𝗛𝗼𝘄 𝗜 𝗦𝗲𝘁 𝗨𝗽 𝗥𝗔𝗚 𝗘𝘃𝗮𝗹𝘀 𝗶𝗻 𝗖𝗜/𝗖𝗗 𝘁𝗼 𝗖𝗮𝘁𝗰𝗵 𝗥𝗲𝗴𝗿𝗲𝘀𝘀𝗶𝗼𝗻𝘀

A PR lands. The RAG eval runs in one minute. It shows a green check. You merge the code.

Twelve hours later, support tickets arrive.

The retriever changed its top-1 chunk for a specific query type. Your 30-example dataset never covered that case. Your test suite stayed green because it was checking the wrong things.

Most RAG gates are just smoke tests.
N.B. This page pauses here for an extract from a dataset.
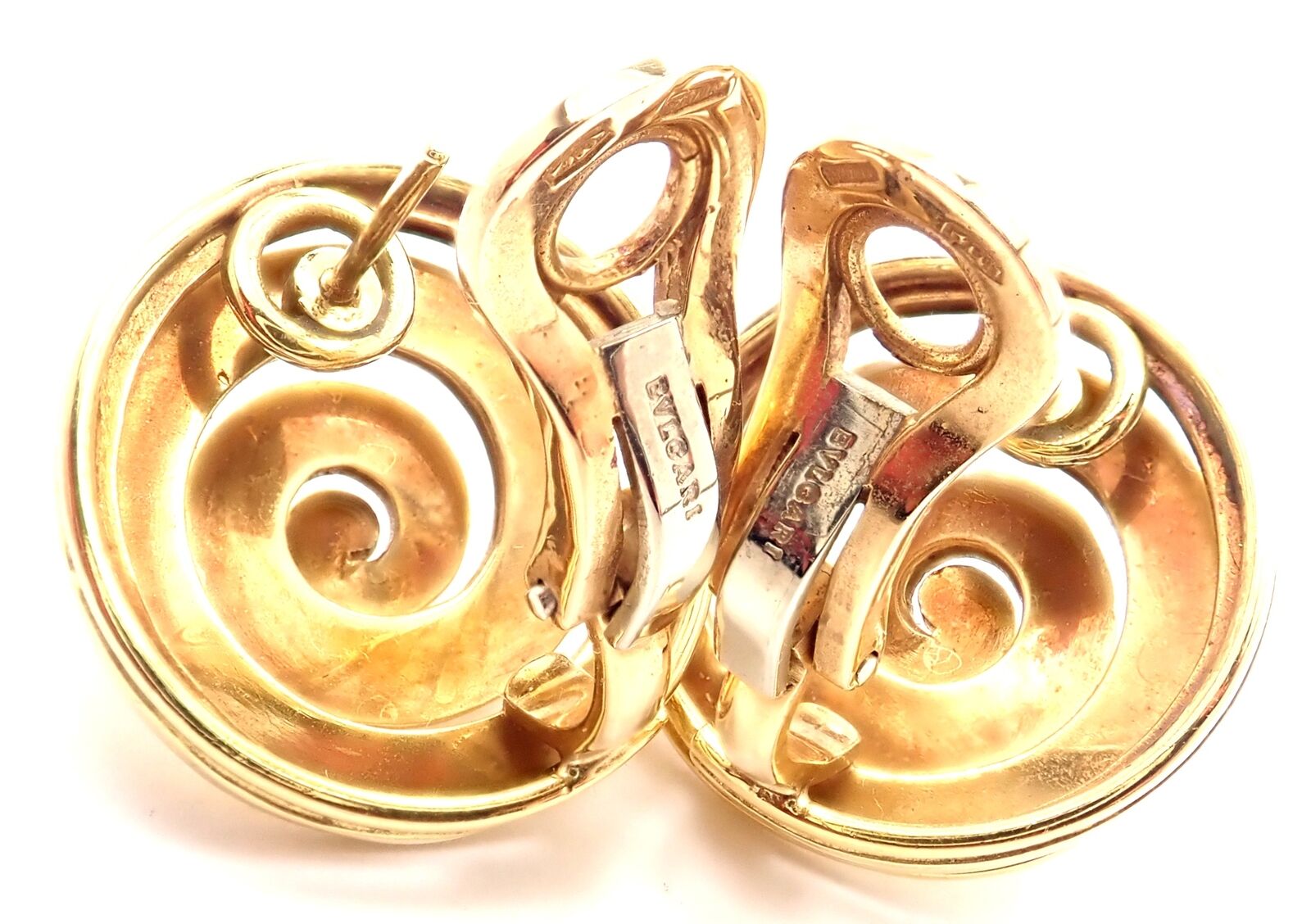 Authentic! Vintage BULGARI BULGARI 18k Yellow Gold Swirl Earrings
They use small datasets and fixed floors. If the mean is above a certain number, they pass. This fails because datasets are not representative and thresholds do not account for noise.

A good gate needs three things: speed, low cost, and statistical significance. You usually only get two.
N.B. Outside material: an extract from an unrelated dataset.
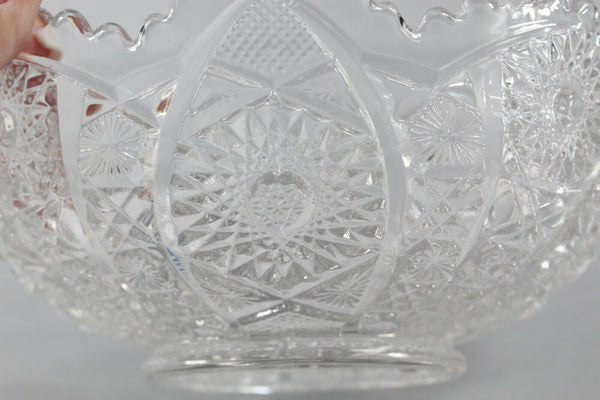Imperial Original Stickers 8" x 3" Pressed Glass Crenellated Edge Bowl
Here is my framework for a reliable RAG gate.

𝗧𝗵𝗲 𝗧𝗵𝗿𝗲𝗲-𝗧𝗶𝗲𝗿 𝗦𝘁𝗿𝘂𝗰𝘁𝘂𝗿𝗲

Every Push (The PR Gate)

Use cheap classifiers like NLI faithfulness and claim support.
Use deterministic checks for citation validity and latency.
Run 100 to 200 examples in under three minutes.
This blocks the merge.

Nightly Main (The Full Sweep)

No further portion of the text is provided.